Jupilings: What are the 21st-century branding objectives vs. traditional branding-
MM: I think that people are increasingly caring not just about what a company does but how it does it. Corporate Social Responsibility is becoming central to every big organization’s identity, and they want to be seen to be decent, conscientious actors in their field. For example, it’s no longer enough that your basketball boots are top quality, you’ve also got to show that you’re not exploiting the environment or children from developing countries in the manufacturing process. (It’s not just the customers who care about these things, but those providing the loans for your growth, those accepting your sponsorship of their event, the brands willing to be associated with you and so on.) So, branding in the 21st century is as much about the producers as the product. That, I think, is the most important difference.
Jupilings: What is the ROI on branding campaigns in the 21st-century-
MM: “Branding campaign” is quite a broad term that can encapsulate so many different initiatives. It can be about brand awareness or brand re-building and so on, and so much of it actually consists of PR, with specific – often measurable – objectives.

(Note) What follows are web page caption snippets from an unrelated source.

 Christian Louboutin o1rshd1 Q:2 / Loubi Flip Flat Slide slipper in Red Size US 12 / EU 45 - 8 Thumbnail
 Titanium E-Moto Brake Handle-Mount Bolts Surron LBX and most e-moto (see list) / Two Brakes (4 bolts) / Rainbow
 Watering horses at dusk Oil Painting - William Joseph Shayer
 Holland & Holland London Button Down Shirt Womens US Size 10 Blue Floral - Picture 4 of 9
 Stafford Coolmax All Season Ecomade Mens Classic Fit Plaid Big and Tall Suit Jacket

To attempt an answer, however: I’m sure that there are a lot of outcomes that factor in technological engagement and digital metrics but I think that ultimately the principles of a successful branding campaign remain unchanged. Do people like your brand? Do they trust you? Do they want to keep their relationship with you alive? What’s the objective of the campaign?
Going back to what I said at the start of this interview about marketing: a sound marketing strategy plays a crucial role in every campaign, but particularly in those where the ROI is expected to be measurable.

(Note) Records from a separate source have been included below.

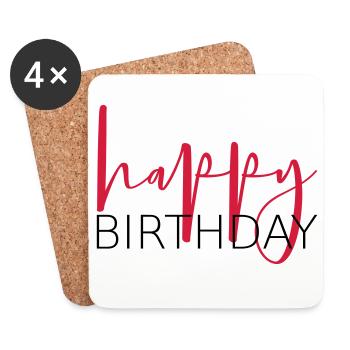 happy birthday congratulation gift idea - Coasters (set of 4) - white - Front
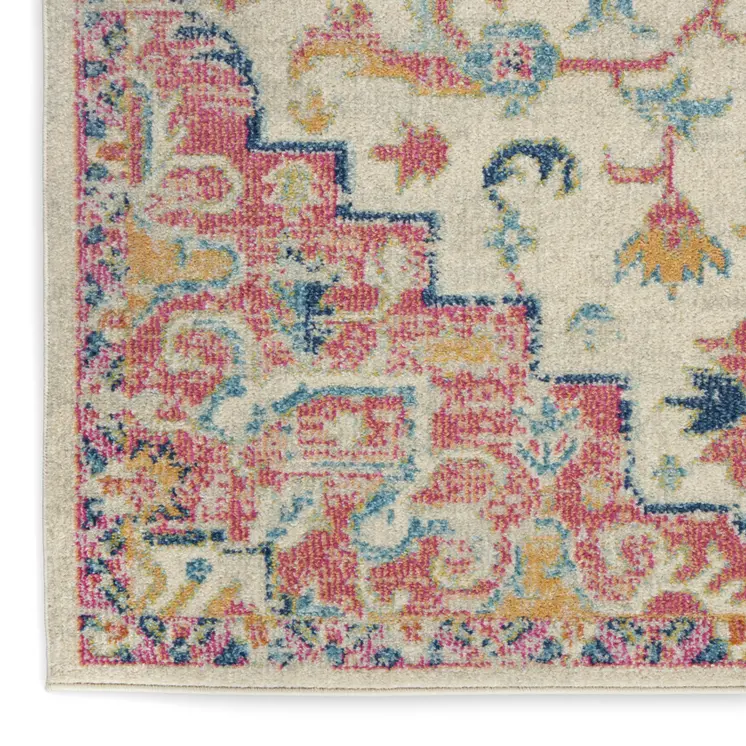 8' X 10' Pink And Ivory Southwestern Distressed Area Rug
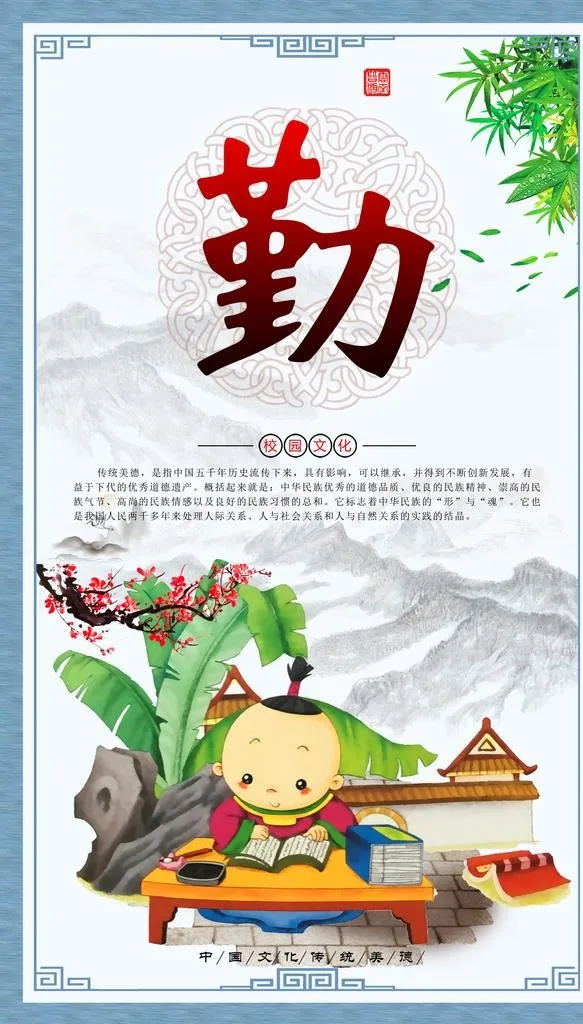 传统国学教育校园文化展板之勤图片(2835x4724)psd模版下载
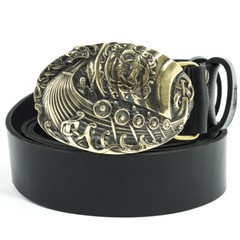 Viking warship Drakkar brass belt buckle, Scandinavian Nordic Celtic warrior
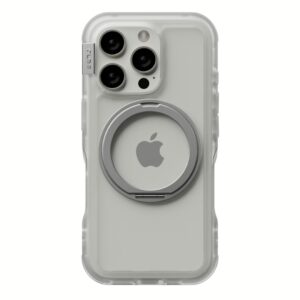 Ples รุ่น Arche Magnetic Ring Stand - เคส iPhone 16 Pro - สี Matt Clear (Silver)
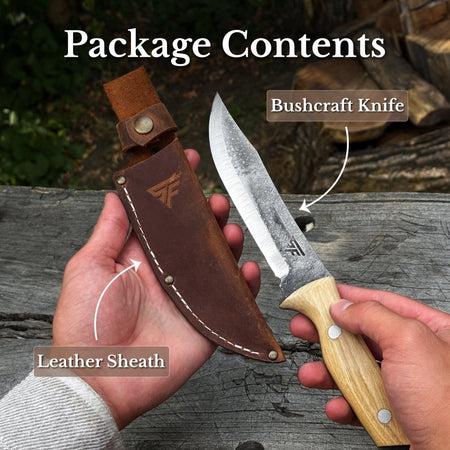 Hand-Forged Bushcraft Knife, 12 cm (4.72 inches)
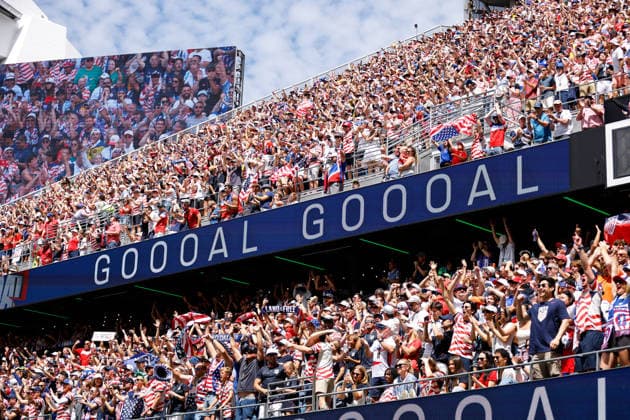 SEATTLE, WA - JUNE 19: Fans react after a goal by the United States during the FIFA World Cup, WM, Weltmeisterschaft, Fussball 2026 Group D match between the USA and Australia on June 19, 2026 at Seattle Stadium in Seattle, Washington. (Photo by Henry Rodenburg Icon Sportswire) SOCCER: JUN 19 FIFA World Cup 26 Group D - USA vs Australia EDITORIAL USE ONLY Icon260619008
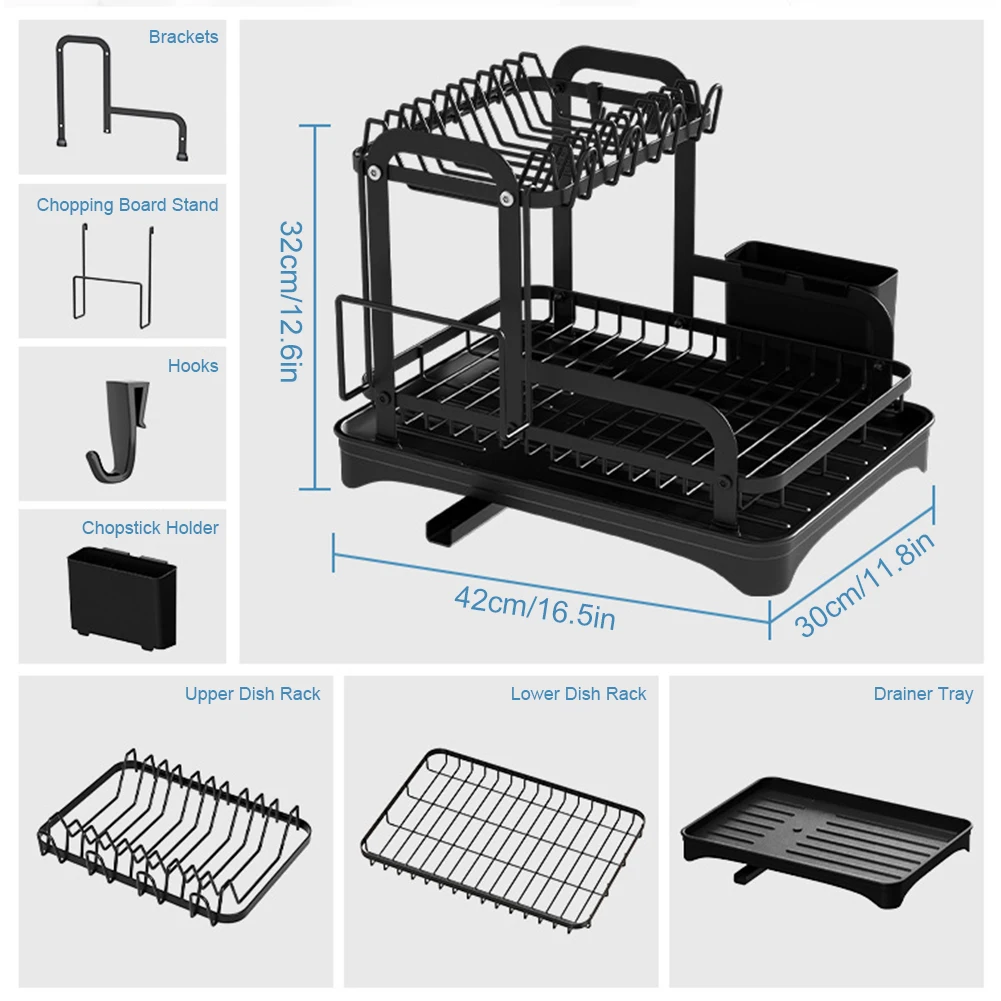 2 Tier Dish Bowl Drainer Storage Rack Kitchen Dish Drying Rack with Drain Basket Countertop Dinnerware Organizer Drainboard 6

For example, a startup providing dog-walking and pet care services may have budgeted $100,000 for a “branding campaign” and decides to spend that entire amount on TV advertising as it has the widest reach in terms of eyeballs. They may see that for an hour following each ad spot, visits to their website go up by 5000%. Is this an acceptable ROI?

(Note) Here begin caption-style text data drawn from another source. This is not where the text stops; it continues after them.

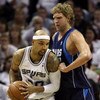 SAN ANTONIO - APRIL 18:  Forward Drew Gooden #90 of the San Antonio Spurs dribbles the ball past Dirk Nowitzki #41 of the Dallas Mavericks in Game One of the Western Conference Quarterfinals during the 2009 NBA Playoffs at AT&T Center on April 18, 2009 in
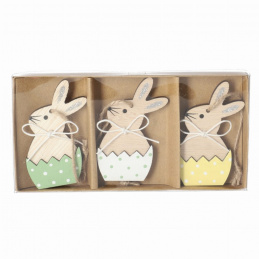 Zestaw 6 drewnianych dekoracji do powieszenia zajączki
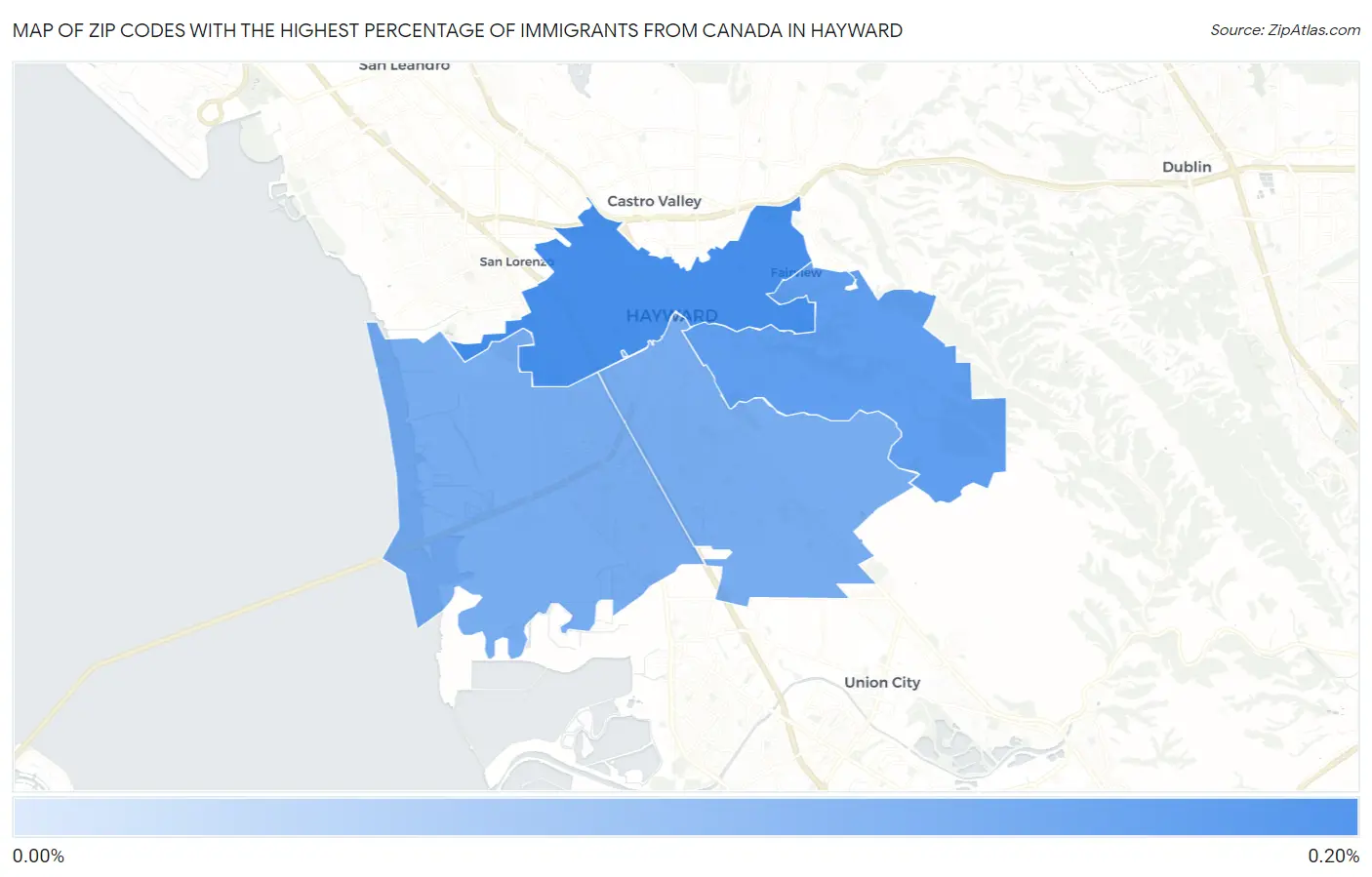 Zip Codes with the Highest Percentage of Immigrants from Canada in Hayward Map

The reality is that many dog-owners look for recommendations for pet care from their neighbours and friends, preferring to entrust their pet to a tried and tested independent local operator or individual rather than to a big, shiny company whose ad they saw on TV.
So, for $100,000 the client has ended up with an excellent creative TV ad (brief met); 5000 new visitors to their website (engagement goal met); and two new clients (ROI not met).
A sound marketing strategy based on knowing what influences customer behaviour would have resulted in a much cheaper, smaller and more personal local awareness campaign with a far higher conversion rate.
Jupilings: How do experience and engagement play an essential role in new measuring metrics-
MM: It really depends very much on your product, your target market and – of course – what counts as “engagement.” If you’re a media company, you probably want your audience to be using your app, or visiting your website, multiple times a day – if only to kill time. If you’re selling expensive handcrafted jewellery for women, you may be satisfied with a customer visiting your website twice a year, provided she spend a decent amount of time browsing and – from time to time – finds what she came for.
I think where digital engagement becomes more important is in customer retention and long-term sustainability. The more you permeate different aspects of your customer’s life, (sell them a sports shoe and then measure every mile they run) the more you’re building a mutual relationship, which equals brand loyalty.
Jupilings: What type of results are realistic for branding budget and time-
MM: This is really unanswerable. It depends on the brief, the objective, the agency and a multitude of other factors.
Three rules that you always follow in brand management:
Be authentic – it avoids disappointment.
Don’t claim anything you can’t prove.
Remember that a brand is made up of every part of your business: your product, your employees’ experience, your customer service, your values and many other things.. not just your logo.